Dari uraian di atas, maka jelaslah bahwa dalam pembahasan keesaan Tuhan, Mu’tazilah
mempunyai konsep tersendiri. Mereka mentakwilkan Al Qur’an secara tekstual sehingga mereka
mensifati tuhan dengan sifat yang sama dengan makhluknya, karena banyak nash Al Qur’an yang
menyatakan demikian. Mereka melakukan penafsiran seperti itu mempunyai tujuan yang baik
menurut kepercayaan mereka karena merupakan salah satu jalan meyakini Keesaan Tuhan
berdasarkan akidah yang mereka pegang.

Diantara konsep kuat yang dipegang teguh oleh aliran Mu’tazilah adalah :

1. Tidak mengakui sifat-sifat Allah SWT

2. Al Qur’an adalah makhluk

3. Mengingkari bahwa Allah dapat dilihat dengan mata telanjang di Surga

4. Mengingkari Jihah (Arahan) bagi Allah

5. Mentakwilkan sifat-sifat yang memberi kesan adanya kesamaan Tuhan dengan manusia

B. SARAN

Untuk mencapai sebuah keyakinan yang kuat, setiap manusia ataupun golongan mempunyai
cara tersendiri.

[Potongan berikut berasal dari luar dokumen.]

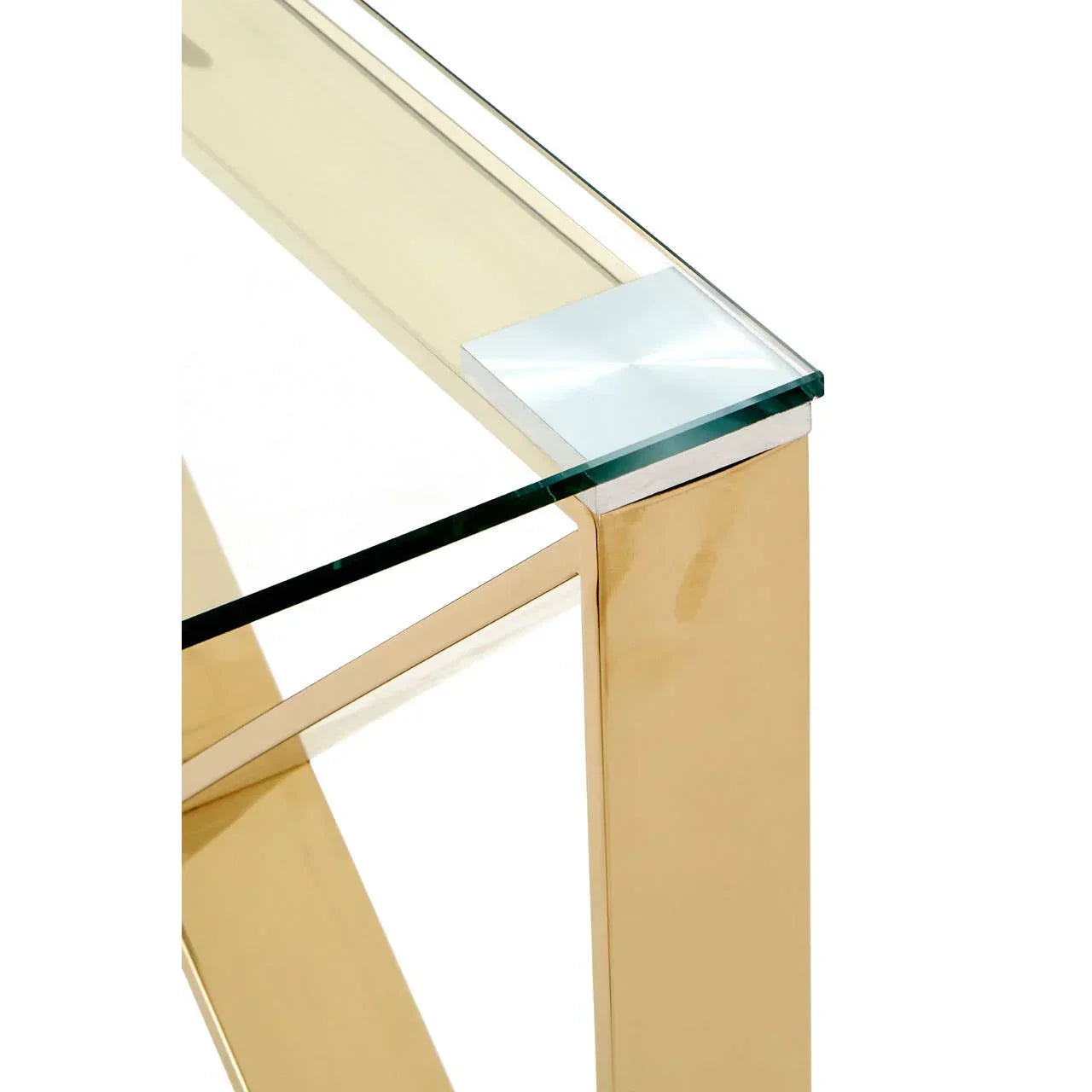 Gold metal console table with clear glass top, close view of angled corner and frame detail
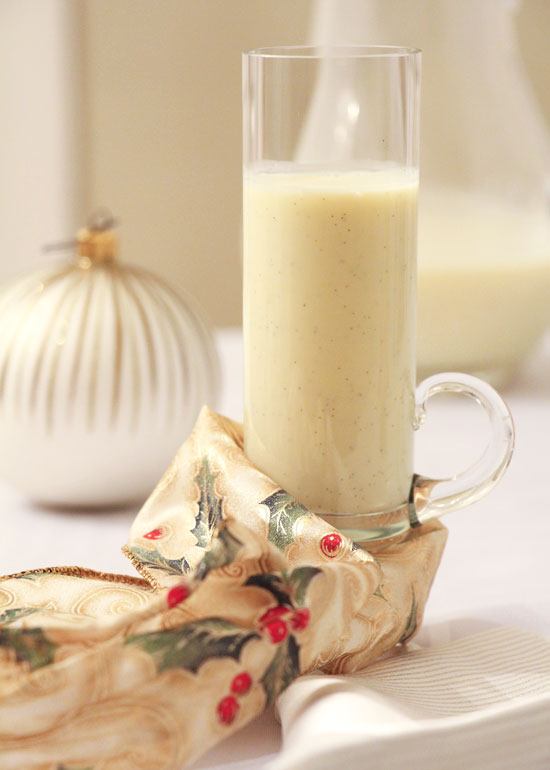 Christmas drinking custard in a large thin glass with a Christmas towel and ornament in the background.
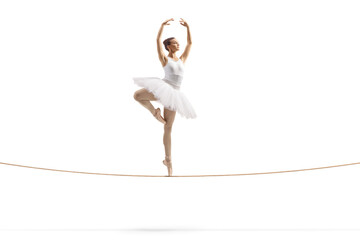 Full length shot of a ballerina dancing on a tightrope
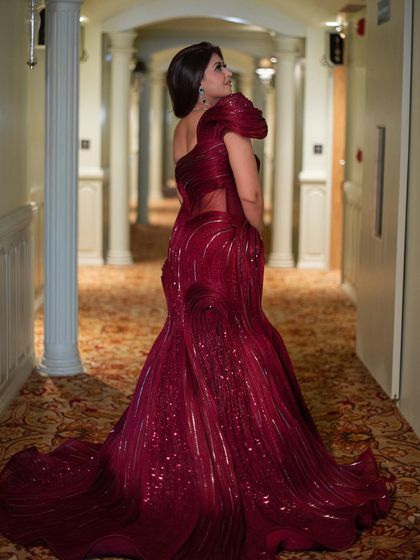 A final look at the red sculpted gown, showing its full length from the back. The train flows beautifully, creating a dramatic and unforgettable silhouette.
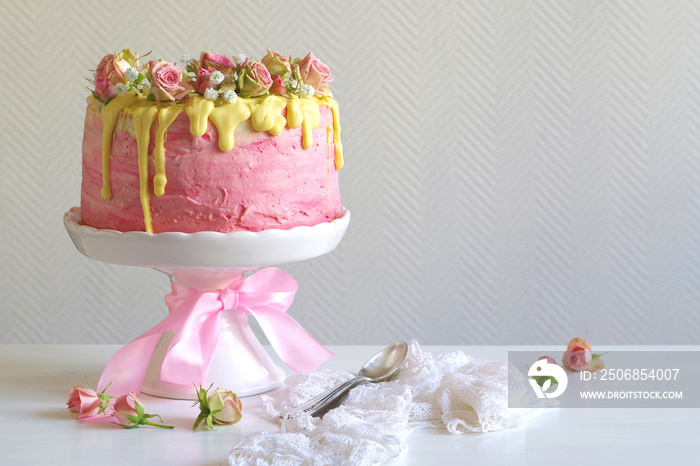 festliche rosa Erdbeer-Buttercreme-Torte mit gelb eingefärbtem Zuckerguss und mit Rosen und Schleier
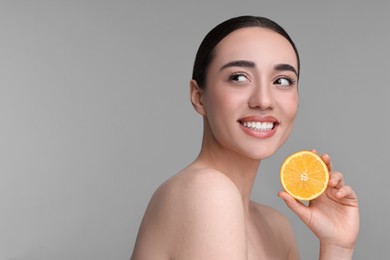 Photo of Beautiful young woman with piece of orange on grey background. Space for text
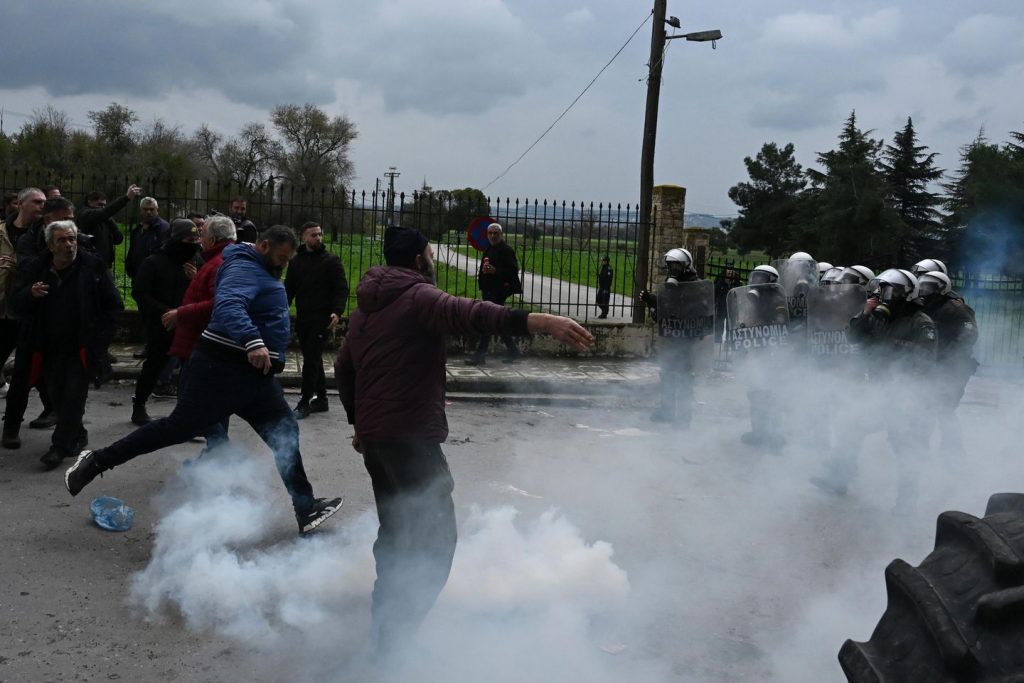 Greek police fireplace tear gasoline at protesting farmers threatening to blockade airport Greek police fireplace tear gasoline at protesting farmers threatening to blockade airport
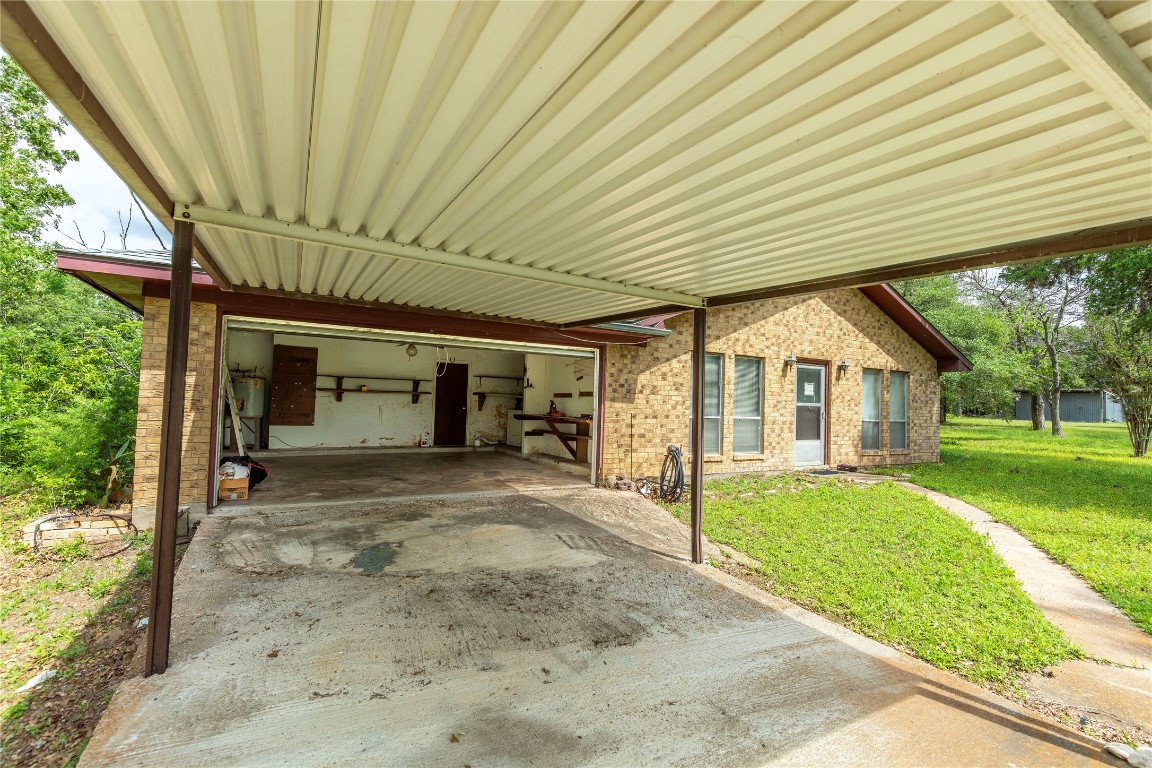 125 Forrest Lane Brenham, TX 77833 - Photo 13 of 13 a view of a house with backyard and garden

Dengan cara itu mereka bisa lebih kuat dalam meyakini dan lebih dalam memahami
apa yang mereka ketahui.

Namun seharusnya itu dilakukan hanya oleh kalangan tertentu saja dan jangan di
sebarluaskan, karena mungkin orang awan kurang memahaminya sehingga dikhawatirkan adanya
penyelewengan nilai dari apa mereka pahami.